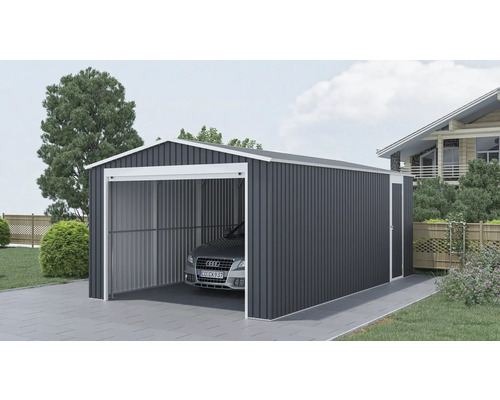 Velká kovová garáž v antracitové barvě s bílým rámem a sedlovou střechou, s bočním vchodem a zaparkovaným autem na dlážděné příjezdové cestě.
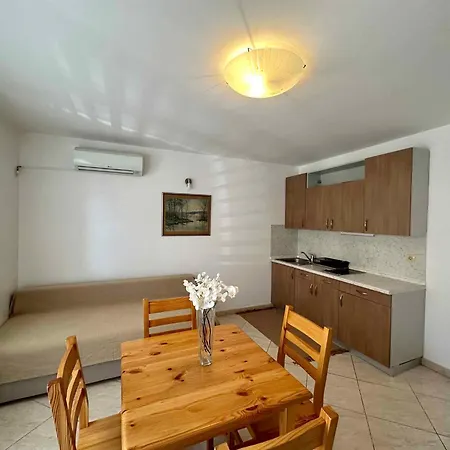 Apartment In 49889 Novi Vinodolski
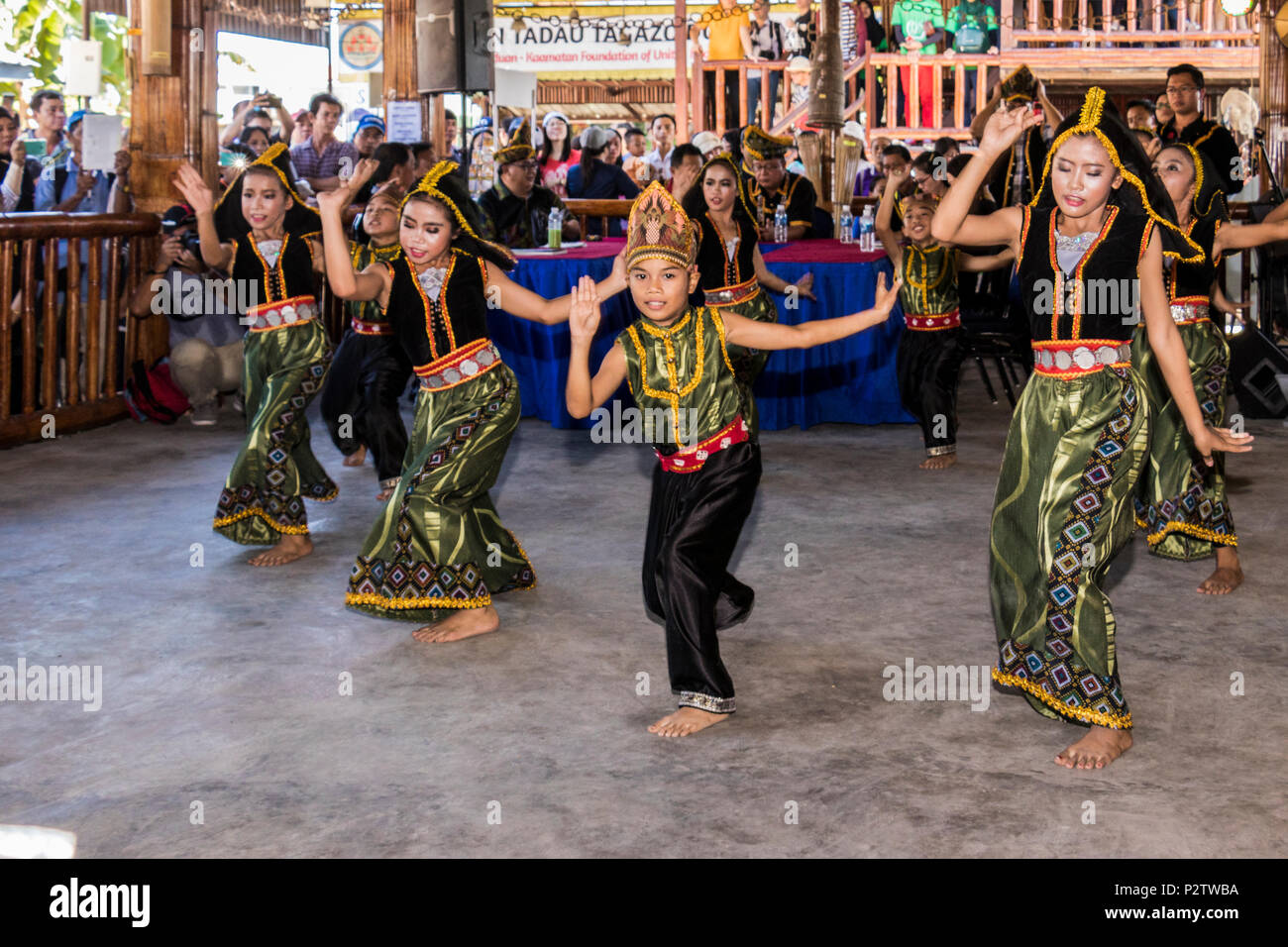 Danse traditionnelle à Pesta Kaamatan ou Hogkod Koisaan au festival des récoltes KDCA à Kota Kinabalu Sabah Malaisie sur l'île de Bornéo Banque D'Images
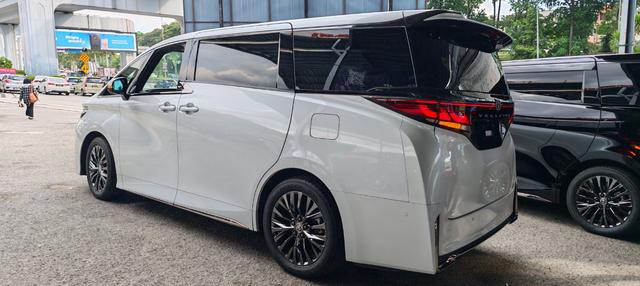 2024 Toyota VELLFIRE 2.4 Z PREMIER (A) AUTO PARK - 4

+++++

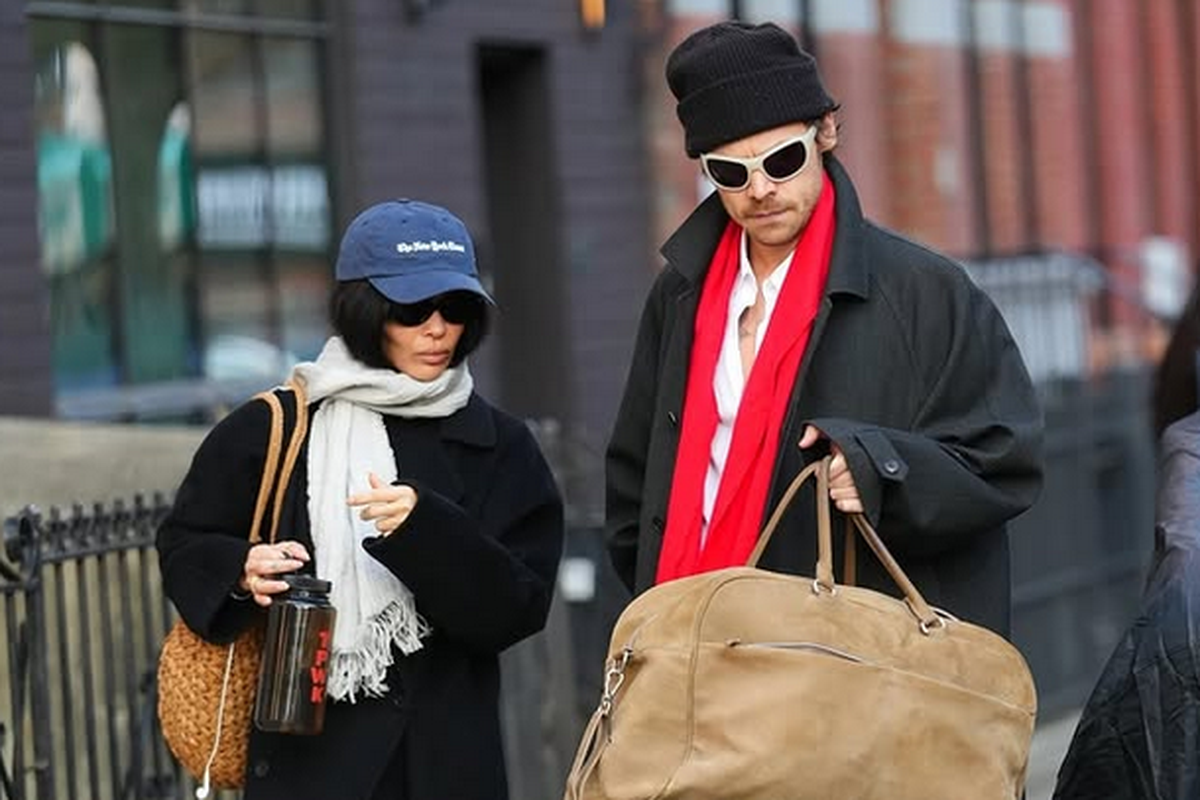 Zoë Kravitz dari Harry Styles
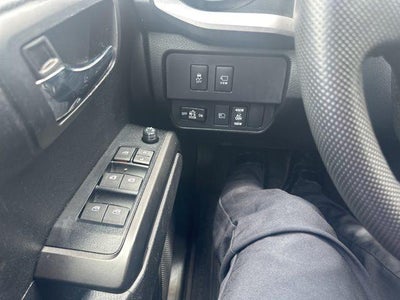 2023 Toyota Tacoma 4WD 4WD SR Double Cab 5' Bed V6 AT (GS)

+++++

[What you need to do]
The material above holds pictures; leave them out and set down exactly the lines from the line with "Apartment In 49889 Novi Vinodolski" to the line with "2024 Toyota VELLFIRE", both included.

[Response area]
 Apartment In 49889 Novi Vinodolski
 Danse traditionnelle à Pesta Kaamatan ou Hogkod Koisaan au festival des récoltes KDCA à Kota Kinabalu Sabah Malaisie sur l'île de Bornéo Banque D'Images
 2024 Toyota VELLFIRE 2.4 Z PREMIER (A) AUTO PARK - 4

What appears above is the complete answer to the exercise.